Activity:
Copy every record verbatim but exclude the pictures.

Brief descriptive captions
##########

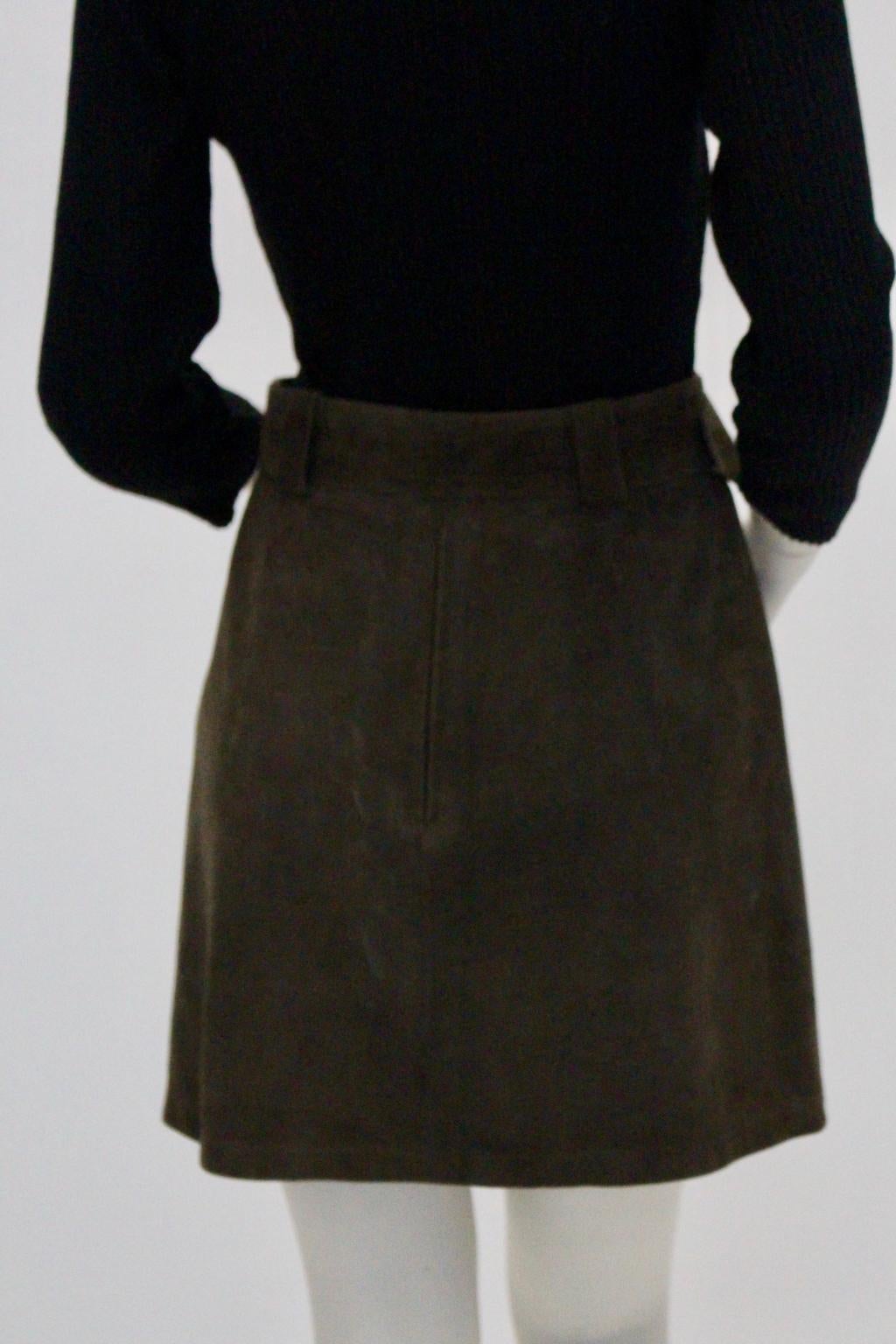 Sylvie Schimmel Paris Vintage Taupe Suede A Line Mini Skirt with a belt France  For Sale 6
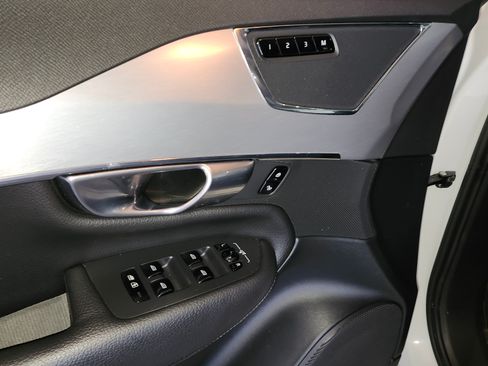 Used 2018 Volvo XC90 T6 Momentum w/ Convenience Package image 8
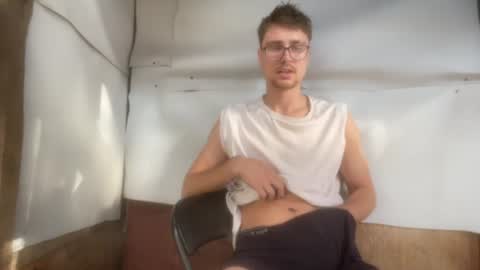 William online show from August 8, 3:22 pm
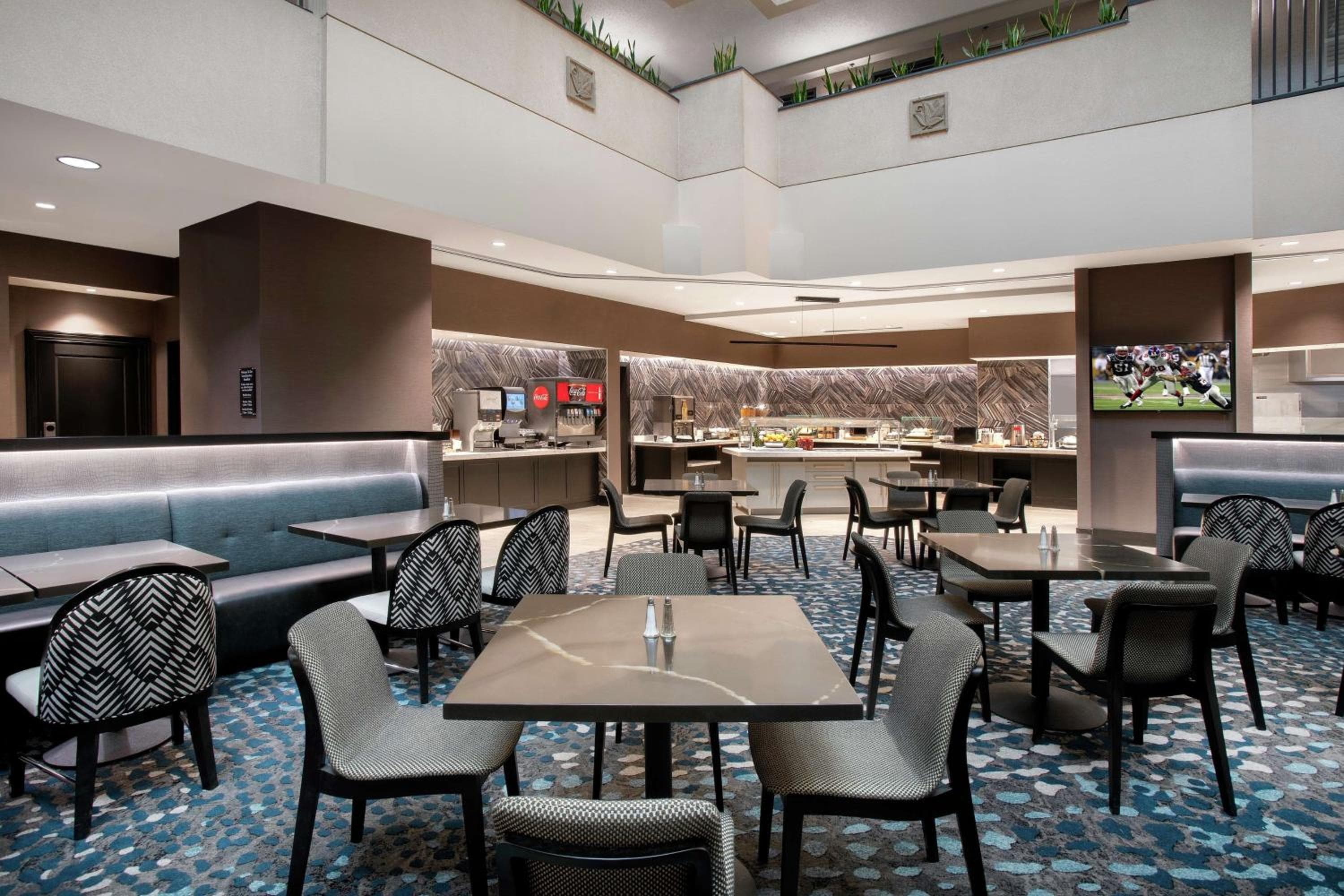 Embassy Suites by Hilton Orlando Airport — 8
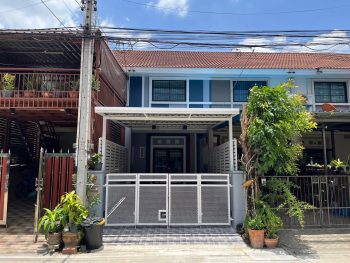 ขายทาวน์เฮ้าส์โครงการดี ถนนลาดกระบัง ใกล้สนามบินสุวรรณภูมิ เชื่อมมอเตอร์เวย์ ม.เอแบคบางบ่อ  หมู่บ้านเอโทล บาหลีบีช   สวย แต่งใหม่ทั้งหลัง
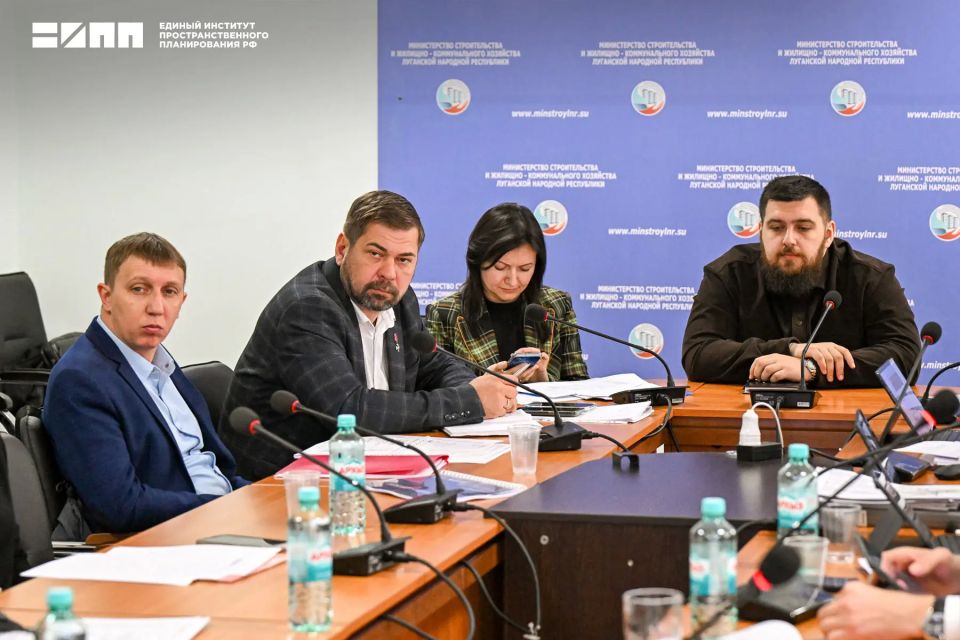 В центральной части пгт Марковка будет запланирован деловой и торгово-развлекательный центр В центральной части пгт Марковка будет запланирован деловой и торгово-развлекательный центр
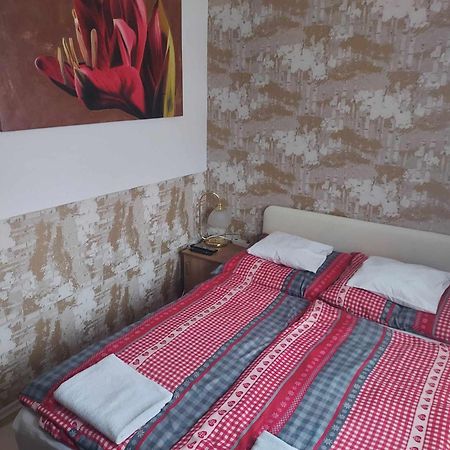Petra Vendeghaz Hotel Szekszard Luaran gambar
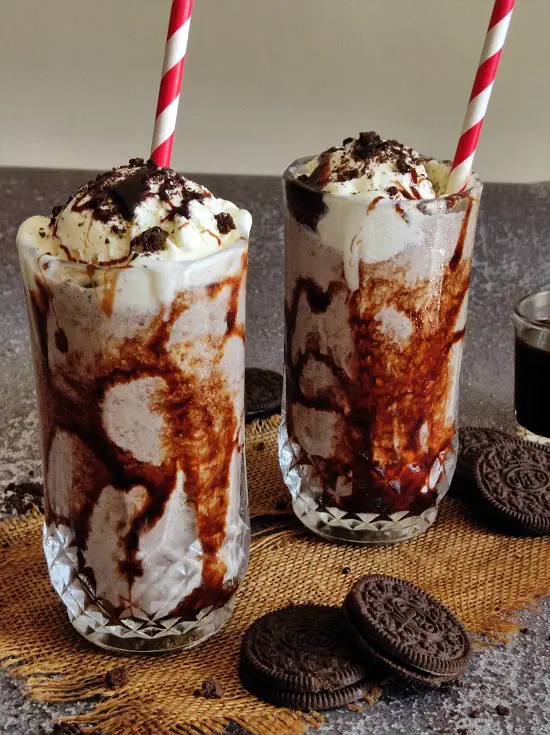 Oreo Milkshake Recipe | How To Make Oreo Milkshake Oreo Milkshake Recipe | How To Make Oreo Milkshake https://thespicycafe.com/wp-content/uploads/2023/04/14-550-oreo-milkshake-oreo-chocolate-milkshake-american-continential-summer-cooler-vegetarian-kids-party.jpg https://thespicycafe.com/oreo-milkshake-recipe/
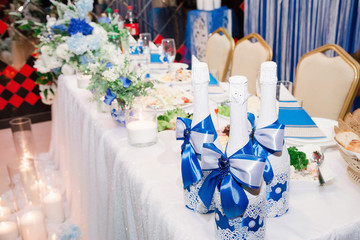 Champagne at the wedding table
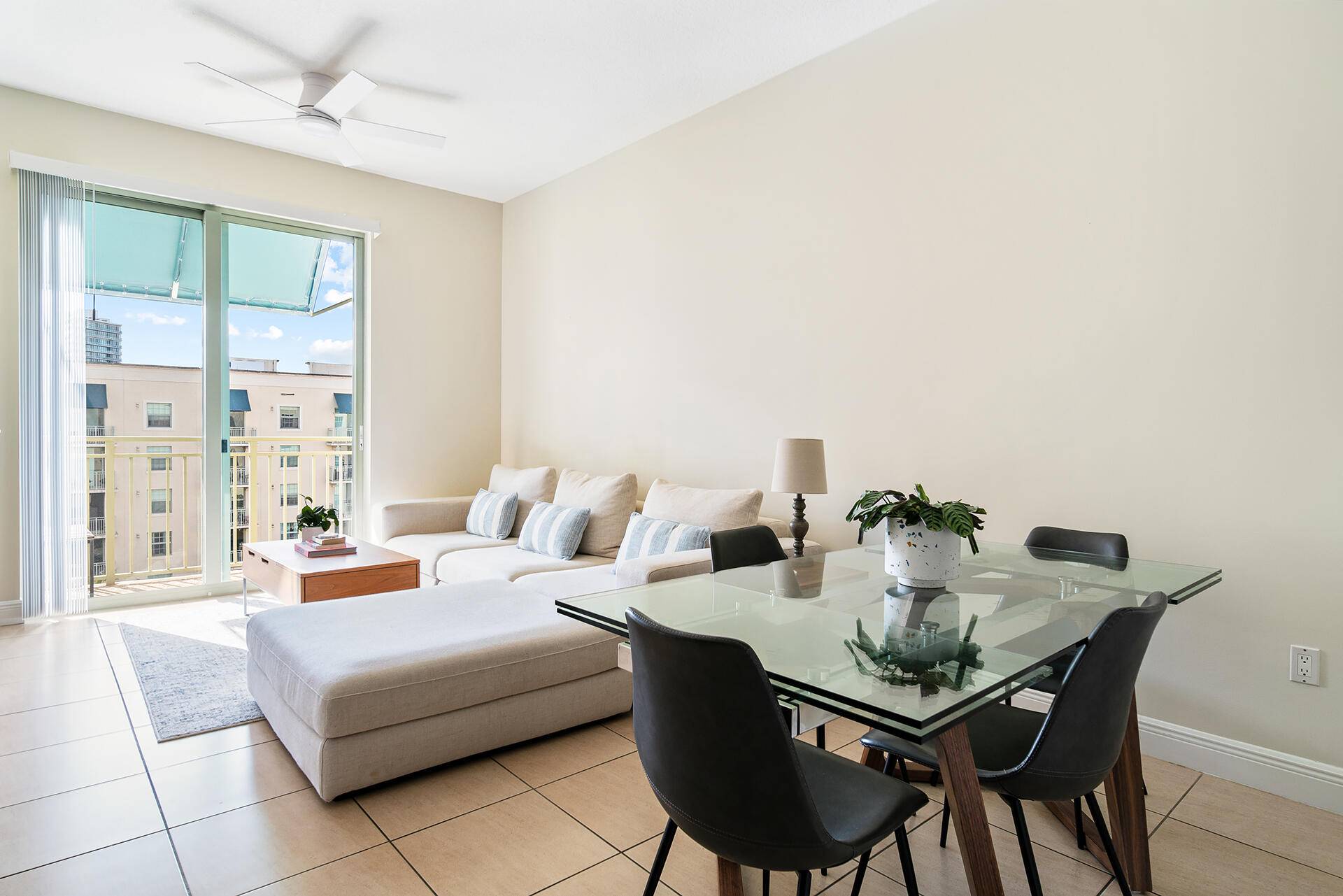 West Palm Beach, FL 33401,610 Clematis ST 811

##########

Exercise answer:
 Sylvie Schimmel Paris Vintage Taupe Suede A Line Mini Skirt with a belt France  For Sale 6
 Used 2018 Volvo XC90 T6 Momentum w/ Convenience Package image 8
 William online show from August 8, 3:22 pm
 Embassy Suites by Hilton Orlando Airport — 8
 ขายทาวน์เฮ้าส์โครงการดี ถนนลาดกระบัง ใกล้สนามบินสุวรรณภูมิ เชื่อมมอเตอร์เวย์ ม.เอแบคบางบ่อ  หมู่บ้านเอโทล บาหลีบีช   สวย แต่งใหม่ทั้งหลัง
 В центральной части пгт Марковка будет запланирован деловой и торгово-развлекательный центр В центральной части пгт Марковка будет запланирован деловой и торгово-развлекательный центр
Petra Vendeghaz Hotel Szekszard Luaran gambar
 Oreo Milkshake Recipe | How To Make Oreo Milkshake Oreo Milkshake Recipe | How To Make Oreo Milkshake https://thespicycafe.com/wp-content/uploads/2023/04/14-550-oreo-milkshake-oreo-chocolate-milkshake-american-continential-summer-cooler-vegetarian-kids-party.jpg https://thespicycafe.com/oreo-milkshake-recipe/
 Champagne at the wedding table
 West Palm Beach, FL 33401,610 Clematis ST 811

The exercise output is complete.